Davon hätte ich gern mehr:
Gleichmäßig verteilten Fokus und Drang zum Schreiben.
Wenn ich etwas sofort abstellen könnte, wäre das …
… alles, was lösungsorientiertes und sachbezogenes Zusammenarbeiten unnötig erschwert.
Jede/r sollte wissen, dass …
… es mitten in Berlin eine Westernstadt gab.
Um das ein für allemal richtig zu stellen:
Auch wenn ich Pfauen im Arbeitskontext schon Strauße genannt habe: Theoretisch kenne ich den Unterschied zwischen beiden »Vögeln«…
Was ist Ihre größte Unsicherheit, bezogen auf Ihre Karriere?
Natürlich die Unsicherheit befristeter Stellen!
Wie schaffen Sie es, trotzdem gelassen zu bleiben?
Zu wissen, dass mir auch andere Sachen als die Wissenschaft Spaß machen und guttun. Zum Beispiel, organisatorische Herausforderungen zu schaffen und zu bewältigen.
Träumen Sie manchmal von der Arbeit? Wenn ja: Sind es angenehme Träume?
Ich träume so gut wie nie von der Arbeit. Nur wenn ich Malariaprophylaxe auf einer Forschungsreise mache, träume ich durch die Arbeit besonders deutlich. Eine bekannte Nebenwirkung des Medikaments Malarone.
Ihr liebster Arbeitsplatz?
Ein Vierertisch auf einer langen Zugfahrt.
Ein Stillleben auf Ihrem Schreibtisch?

Eine Kritzelei während eines Meetings?

Nach dem Aufwachen: Wie fängt Ihr Tag gut an?
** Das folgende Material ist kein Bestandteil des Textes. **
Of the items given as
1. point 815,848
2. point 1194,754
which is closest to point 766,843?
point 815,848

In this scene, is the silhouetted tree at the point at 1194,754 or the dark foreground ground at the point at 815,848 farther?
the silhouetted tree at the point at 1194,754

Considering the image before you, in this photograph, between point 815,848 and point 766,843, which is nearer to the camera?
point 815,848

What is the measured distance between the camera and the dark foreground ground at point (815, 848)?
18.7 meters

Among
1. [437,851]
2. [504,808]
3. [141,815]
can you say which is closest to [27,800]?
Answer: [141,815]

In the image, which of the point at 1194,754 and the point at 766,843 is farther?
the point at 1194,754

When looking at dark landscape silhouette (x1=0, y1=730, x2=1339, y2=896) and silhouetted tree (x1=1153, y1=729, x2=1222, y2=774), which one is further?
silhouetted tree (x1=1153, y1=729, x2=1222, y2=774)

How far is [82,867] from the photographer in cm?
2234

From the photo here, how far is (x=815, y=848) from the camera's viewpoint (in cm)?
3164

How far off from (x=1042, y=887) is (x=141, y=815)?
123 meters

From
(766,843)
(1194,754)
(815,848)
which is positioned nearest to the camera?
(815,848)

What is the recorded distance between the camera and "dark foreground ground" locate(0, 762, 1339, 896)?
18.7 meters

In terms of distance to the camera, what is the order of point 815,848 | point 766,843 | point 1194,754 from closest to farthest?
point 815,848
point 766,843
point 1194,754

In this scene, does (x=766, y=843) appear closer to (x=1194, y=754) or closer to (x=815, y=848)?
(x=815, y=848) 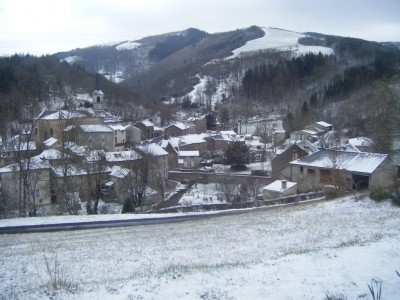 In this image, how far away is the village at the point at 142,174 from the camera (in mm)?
25828

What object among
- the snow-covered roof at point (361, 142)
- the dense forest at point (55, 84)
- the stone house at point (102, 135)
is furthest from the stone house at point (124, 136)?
the snow-covered roof at point (361, 142)

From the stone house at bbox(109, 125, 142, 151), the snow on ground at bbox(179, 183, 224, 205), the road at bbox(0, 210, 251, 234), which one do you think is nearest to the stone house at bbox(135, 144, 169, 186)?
the snow on ground at bbox(179, 183, 224, 205)

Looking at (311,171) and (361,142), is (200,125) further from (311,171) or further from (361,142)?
(311,171)

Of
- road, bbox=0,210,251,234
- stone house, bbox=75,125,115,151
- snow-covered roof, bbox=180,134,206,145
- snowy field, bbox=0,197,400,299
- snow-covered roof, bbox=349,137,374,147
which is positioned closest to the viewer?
snowy field, bbox=0,197,400,299

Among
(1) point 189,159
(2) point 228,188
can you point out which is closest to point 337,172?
(2) point 228,188

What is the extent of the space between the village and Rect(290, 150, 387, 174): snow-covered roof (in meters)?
0.07

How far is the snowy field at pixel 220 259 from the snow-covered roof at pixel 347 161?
14173mm

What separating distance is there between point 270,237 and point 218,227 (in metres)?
3.12

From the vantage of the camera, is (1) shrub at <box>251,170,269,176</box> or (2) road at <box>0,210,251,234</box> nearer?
(2) road at <box>0,210,251,234</box>

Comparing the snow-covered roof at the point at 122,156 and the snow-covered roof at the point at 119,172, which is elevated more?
the snow-covered roof at the point at 122,156

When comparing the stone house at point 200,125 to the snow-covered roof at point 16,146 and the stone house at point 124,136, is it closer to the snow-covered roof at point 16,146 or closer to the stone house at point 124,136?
the stone house at point 124,136

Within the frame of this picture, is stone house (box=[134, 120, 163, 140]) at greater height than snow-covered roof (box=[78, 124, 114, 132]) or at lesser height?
lesser

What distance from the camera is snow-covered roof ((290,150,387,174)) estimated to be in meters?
29.8

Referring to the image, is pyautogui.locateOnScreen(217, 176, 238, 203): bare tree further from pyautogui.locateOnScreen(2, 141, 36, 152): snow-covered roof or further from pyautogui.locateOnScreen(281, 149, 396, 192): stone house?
pyautogui.locateOnScreen(2, 141, 36, 152): snow-covered roof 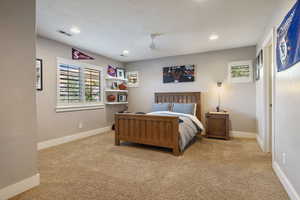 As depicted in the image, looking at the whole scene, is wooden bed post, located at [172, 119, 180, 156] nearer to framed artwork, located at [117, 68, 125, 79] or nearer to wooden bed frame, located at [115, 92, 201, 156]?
wooden bed frame, located at [115, 92, 201, 156]

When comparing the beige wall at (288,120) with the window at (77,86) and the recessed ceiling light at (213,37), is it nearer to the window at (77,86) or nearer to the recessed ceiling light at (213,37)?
the recessed ceiling light at (213,37)

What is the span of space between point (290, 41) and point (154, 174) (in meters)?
2.29

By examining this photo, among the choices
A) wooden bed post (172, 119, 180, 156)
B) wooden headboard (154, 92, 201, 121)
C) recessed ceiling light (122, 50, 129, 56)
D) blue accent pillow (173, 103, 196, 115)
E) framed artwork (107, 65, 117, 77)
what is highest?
recessed ceiling light (122, 50, 129, 56)

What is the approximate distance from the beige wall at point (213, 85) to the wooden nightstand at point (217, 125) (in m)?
0.49

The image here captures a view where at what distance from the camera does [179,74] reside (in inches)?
196

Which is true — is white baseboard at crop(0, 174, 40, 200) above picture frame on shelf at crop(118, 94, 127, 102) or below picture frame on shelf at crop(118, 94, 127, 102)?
below

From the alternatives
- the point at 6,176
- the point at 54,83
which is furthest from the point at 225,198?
the point at 54,83

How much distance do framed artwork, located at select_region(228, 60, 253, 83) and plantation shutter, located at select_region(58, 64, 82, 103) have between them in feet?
13.8

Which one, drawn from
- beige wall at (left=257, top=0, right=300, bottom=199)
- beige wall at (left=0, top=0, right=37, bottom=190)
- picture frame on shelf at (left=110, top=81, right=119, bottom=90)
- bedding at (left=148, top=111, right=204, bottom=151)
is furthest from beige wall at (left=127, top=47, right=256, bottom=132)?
beige wall at (left=0, top=0, right=37, bottom=190)

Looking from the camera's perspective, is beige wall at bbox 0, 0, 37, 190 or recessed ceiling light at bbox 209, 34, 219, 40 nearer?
beige wall at bbox 0, 0, 37, 190

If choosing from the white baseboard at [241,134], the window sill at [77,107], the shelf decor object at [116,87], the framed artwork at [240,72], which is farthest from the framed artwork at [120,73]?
the white baseboard at [241,134]

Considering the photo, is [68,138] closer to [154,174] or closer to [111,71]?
[111,71]

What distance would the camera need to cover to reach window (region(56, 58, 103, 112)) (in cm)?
383

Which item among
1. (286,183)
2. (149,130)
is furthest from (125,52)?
(286,183) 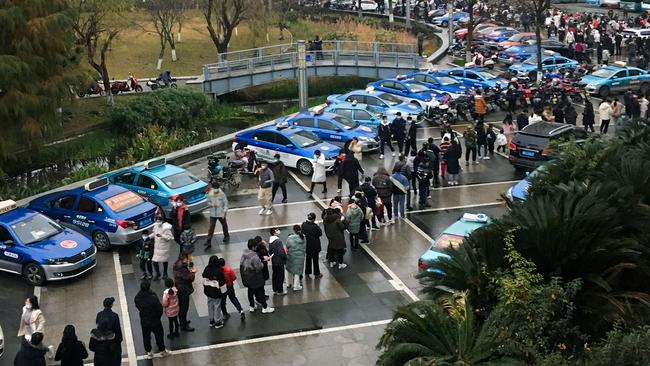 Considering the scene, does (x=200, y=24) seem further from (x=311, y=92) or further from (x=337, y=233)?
(x=337, y=233)

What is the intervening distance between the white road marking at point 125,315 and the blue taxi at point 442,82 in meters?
18.9

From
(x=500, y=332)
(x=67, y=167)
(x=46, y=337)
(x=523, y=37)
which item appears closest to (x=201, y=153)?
(x=67, y=167)

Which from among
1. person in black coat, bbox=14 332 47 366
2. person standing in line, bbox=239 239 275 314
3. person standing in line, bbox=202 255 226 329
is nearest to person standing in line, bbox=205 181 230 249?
person standing in line, bbox=239 239 275 314

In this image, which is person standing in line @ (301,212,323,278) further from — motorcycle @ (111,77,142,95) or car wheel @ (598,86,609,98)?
motorcycle @ (111,77,142,95)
Mit einem Kaffee, egal welcher Aufbereitungsart.
Worauf freuen Sie sich an einem ganz normalen Arbeitstag?
Auf den kollegialen Austausch – und idealerweise darauf, eine Weile mit Freude an einem Text zu arbeiten.
Worauf freuen Sie sich, wenn Ihr Arbeitstag zu Ende geht?
Auf eine Radfahrt oder eine Unternehmung mit Freund*innen.
Ein hilfreicher Snack für zwischendurch?
Alles, was sich im Büro so aufstöbern lässt.
Eine kleine Flucht aus dem (Arbeits)Alltag, die Ihnen hilft, schnell wieder aufzutanken?
YouTube. Am zuverlässigsten Kanäle zu US-amerikanischer Pop-Kultur und Politik.
Was hilft Ihnen, Ideen zu finden?
Ein Gespräch mit Kolleg*innen oder ein Call for Papers.
Was hilft Ihnen, Ihren Fokus zu behalten?
Ausschlafen oder der nahende Feierabend. Und wenn das nicht hilft, eine Deadline oder ein schlechtes Gewissen.
In welchen Momenten vergessen Sie während der Arbeit alles andere um sich herum?
Wenn der ICE mit 200 Sachen durch Uelzen rauscht, vergesse ich selbst Uelzen.
PAUL LENNART SPRUTE ist 32 und Historiker. Er forschte von 2020 bis 2025 am Leibniz-Institut für Raumbezogene Sozialforschung (IRS) in Erkner und ist dort weiterhin assoziiert. 2024 schloss er seine Promotion zu den räumlichen und materiellen Auswirkungen post-kolonialer Hafenbauten in Westafrika ab, die mit Beteiligung deutscher Bauunternehmen entstanden sind. Aktuell arbeitet er im von der DFG und der flämischen FWO geförderten Weave-Projekt »Constructing Transport Architecture in West Africa: A Multiscalar History of Materialities, Territories and Actors«, einem kollaborativen Forschungsprojekt des IRS, der Universität Gent und der Université Félix Houphouët-Boigny in Abidjan unter der Projektleitung von Monika Motylińska (IRS Erkner) und Johan Lagae (Universität Gent).